Introduction

Now that we understand how to coordinate processes, we are ready to dive into one of the main use cases for building distributed systems: scalability.

A scalable application can increase its capacity as its load increases. The simplest way to do that is by scaling up and running the application on more expensive hardware, but that only brings you so far since the application will eventually reach a performance ceiling.

The alternative to scaling up is scaling out by distributing the load over multiple nodes. This part explores 3 categories — or dimensions — of scalability patterns: functional decomposition, partitioning, and duplication. The beauty of these dimensions is that they are independent of each other and can be combined within the same application.

Functional decomposition

Functional decomposition is the process of taking an application and breaking it down into individual parts. Think of the last time you wrote some code; you most likely decomposed it into functions, classes, and modules. The same idea can be taken further by decomposing an application into separate services, each with its own well-defined responsibility.

Section 12.1 discusses the advantages and pitfalls of splitting an application into a set of independently deployable services.

Section 12.2 describes how external clients can communicate with an application after it has been decomposed into services using an API gateway. The gateway acts as the proxy for the application by routing, composing, and translating requests.

Section 12.3 discusses how to decouple an API’s read path from its write path so that their respective implementations can use different technologies that fit their specific use cases.

Section 12.4 dives into asynchronous messaging channels that decouple producers on one end of a channel from consumers on the other end. Thanks to channels, communication between two parties is possible even if the destination is temporarily not available. Messaging provides several other benefits, which we will explore in this section, along with best practices and pitfalls you can run into.

Partitioning

When a dataset no longer fits on a single node, it needs to be partitioned across multiple nodes. Partitioning is a general technique that can be used in a variety of circumstances, like sharding TCP connections across backends in a load balancer.

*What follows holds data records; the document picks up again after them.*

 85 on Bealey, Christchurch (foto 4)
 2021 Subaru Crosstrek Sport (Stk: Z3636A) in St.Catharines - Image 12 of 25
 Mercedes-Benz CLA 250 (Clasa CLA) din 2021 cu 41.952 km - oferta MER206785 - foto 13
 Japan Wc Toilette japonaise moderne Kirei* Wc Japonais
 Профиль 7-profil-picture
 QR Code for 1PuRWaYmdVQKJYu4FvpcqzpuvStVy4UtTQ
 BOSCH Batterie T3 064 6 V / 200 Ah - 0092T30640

We will explore different sharding strategies in section 13.1, such as range and hash partitioning. Then, in section 13.2, we will discuss how to rebalance partitions either statically or dynamically.

Duplication

The easiest way to add more capacity to a service is to create more instances of it and have some way of routing, or balancing, requests to them. This can be a fast and cheap way to scale out a stateless service, as long as you have considered the impact on the service’s dependencies. Scaling out a stateful service is significantly more challenging as some form of coordination is required.

Section 14.1 introduces the concept of load balancing requests across nodes and its implementation using commodity machines. We will start with DNS load balancing and then dive into the implementation of load balancers that operate at the transport and application layer of the network stack. Finally, we will discuss geo load balancing that allows clients to communicate with the geographically closest datacenter.

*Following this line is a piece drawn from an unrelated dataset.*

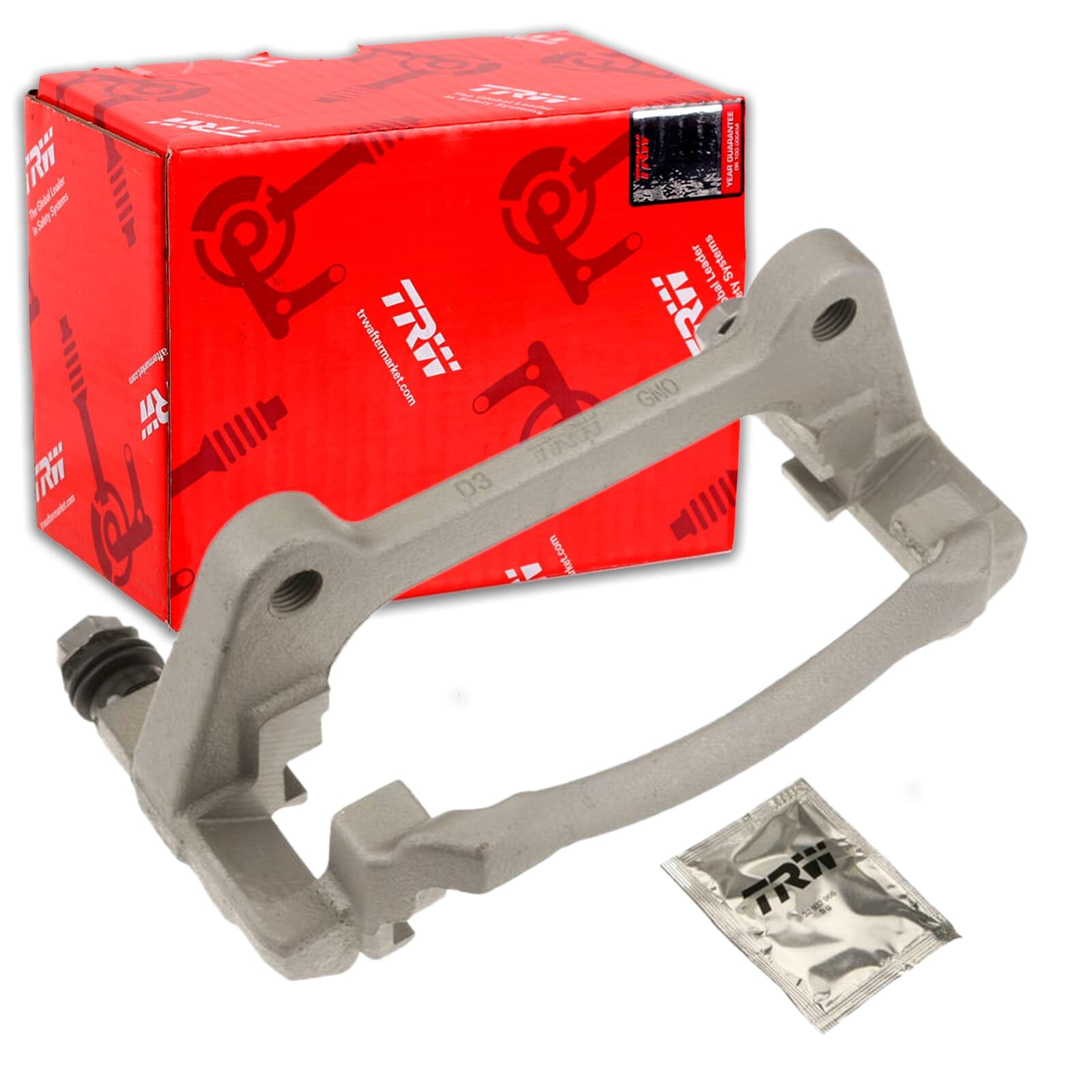 TRW BDA1180 Holder Brake Calliper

Section 14.2 describes how to replicate data across nodes and keep it in sync. Although we have already discussed one way of doing that with Raft in chapter 10, in this section, we will take a broader look at the topic and explore different approaches with varying trade-offs (single-leader, multi-leader, and leaderless).

Section 14.3 discusses the benefits and pitfalls of caching. We will start by discussing in-process caches first, which are easy to implement but have several pitfalls. Finally, we will look at the pros and cons of external caches.